Posts Tagged ‘tragedy

16
Sep
17

New Computer, at My Own Risk

****
I wasn’t sure I’d stick my nose in here yet with the new baby, my new computer.  The last one is in sad shape, and I miss it dearly.  This new one is up to the date in the latest heap of technical glitches, as is tradition.  And, it has come at possibly the worst time in my emotional life.  My old PC, despite critics opinions, was pretty rock solid and became a good friend, even if I did very little with it.  I didn’t use all the bells and whistles, and it’s a shame, because it had a few good ones.  I could have been making many movies.

When I first started my previous computer, it came in a nice box with labels and a manual I could hold in my hand.  I could read all day about troubleshooting and all kinds of program features, provided I add an antenna or some kind of card.  All my trial app worries were settled with “optimization.”  I could label DVDs and easily restore the system myself if it had trouble…or so I thought.  As much as I was convinced it wasn’t the best computer at the time, it grew on me.  It became a friend.

I didn’t call tech support once.  I had someone help me through a few steps, and the rest kinda worked itself out.  I did not have any problems until I needed to register it online.  Updating was a problem, for sure.  [I was aiming to keep it offline as a personal word processor of sorts…til my “online computer” was no longer being accepted online by the changing software tides and my old, reliable internet service cheated me out of $300 or so.  [Call the company, and you get the outsourced squad from India trying to con you into alternative accounts and paid features.  There were no alternative services to upgrade to with the company.  It was a dinosaur teasing me into thinking it was still functional.]  I found alternate means to get online and was soon back in the swing of typing and, well, still struggling to connect with good people.

There was an incident or two near the end when text strangely looked fuzzy and squashed…and when I ultimately did something to the hard drive.  But, overall, over the past 8 plus years, it was working just fine.

The new computer has a long road to walk.

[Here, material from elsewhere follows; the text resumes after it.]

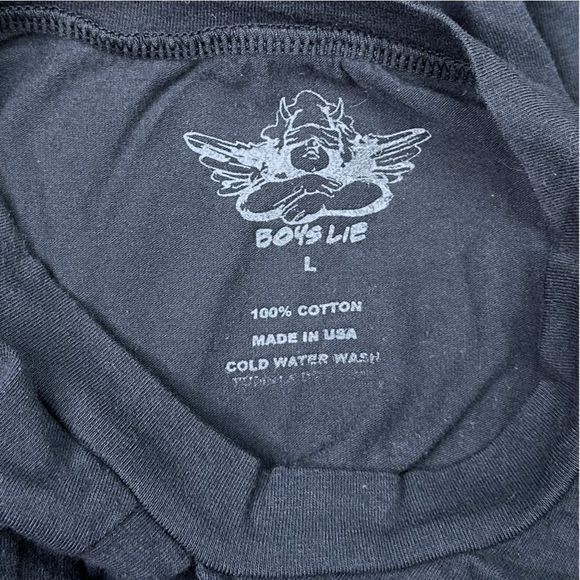 Boys Lie Tear Drop Charcoal Tee - Size Large - Picture 7 of 7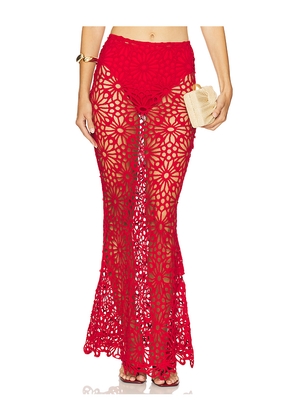 Norma Kamali Obie Maxi Skirt in Red. Size M. Also in L.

  1. It did not come in a nice box.  It was shipped to me in a slim box tossed into an oversized box with no labels and little to no bubble packing.  It was bouncing around the poorly taped carton.  I nearly threw a fit the day I found it on the porch.
  2. The battery wiggles in its socket.  Is that a concern?  You tell me.
  3. The manual can be found through a maze of start-up menu AND online.  Great.  So, when I have a system failure, I can hopefully find someone with a computer phone or computer to borrow and look online for the manual.  That’s user-friendly conservation of paper.  NOT.
  4. I have already spent over 20 hrs. trying to get through to tech support services.  [Don’t ever bother using a phone.  Online services only.]  I lost a whole day just solving one problem.  Let’s hope the others don’t return.  But…
  5. Research shows many apps have a problem with the latest OS.  And, many if not most apps have had conversions to accommodate the new OS.  All hail the latest flash-in-the-pan labyrinth software and tough luck to all who had the previous versions.  So, before you leap for that new movie maker or drawing software, be sure it’s fit for your OS, especially if it’s the latest edition.  Back when I was using Win 98, people harassed me and boasted XP…when they were not complaining about glitches and crashes.  This whole OS business is like a car market.  And, just when you pick a new car–or if you’re the slow-to-change type who sticks by your old car–someone comes along to make you feel inadequate in their different new car.
  6. Either you automate everything and run the risk of personal info going everywhere or you try to set settings to “recommended protection levels” and find nothing working, like the new Edge browser that blocks every website I type in, opening another MSN home page.  That is, except for this site which apparently is okay on Edge but not the latest IE?  Again, confusing and frustrating, and I feel like I am standing outside in my underwear, waiting for some violating hand to appear.
  7. As it is, things open and activate themselves, merely presenting notices that I may or may not get to before they disappear.  Little icons appear on the task bar and then disappear when I go to look at them.  It’s kind of like a horror movie when the lil creatures are scurrying around to the sound of keystrokes.  Apps want to invite themselves over to my place; they’re supposedly “suggestions.”  But, some seem to worm their way into a parking place.  You kick one guy out, and another eventually appears at the door.
  8. It comes with voices.  I have a hard enough time coping with the voices in my head.  No, not split personality disorder.  Just voices.  And, this thing has the dry male voice that sounds like Stephen Hawkings on dope and a female assistant with a weird name who thinks she’s slick like Shania Twain or Taylor Swift but sounding more like Scarlett Johansson in She.  I’m not Lars, and she isn’t a real girl.  Let’s not turn this into a tragic ending.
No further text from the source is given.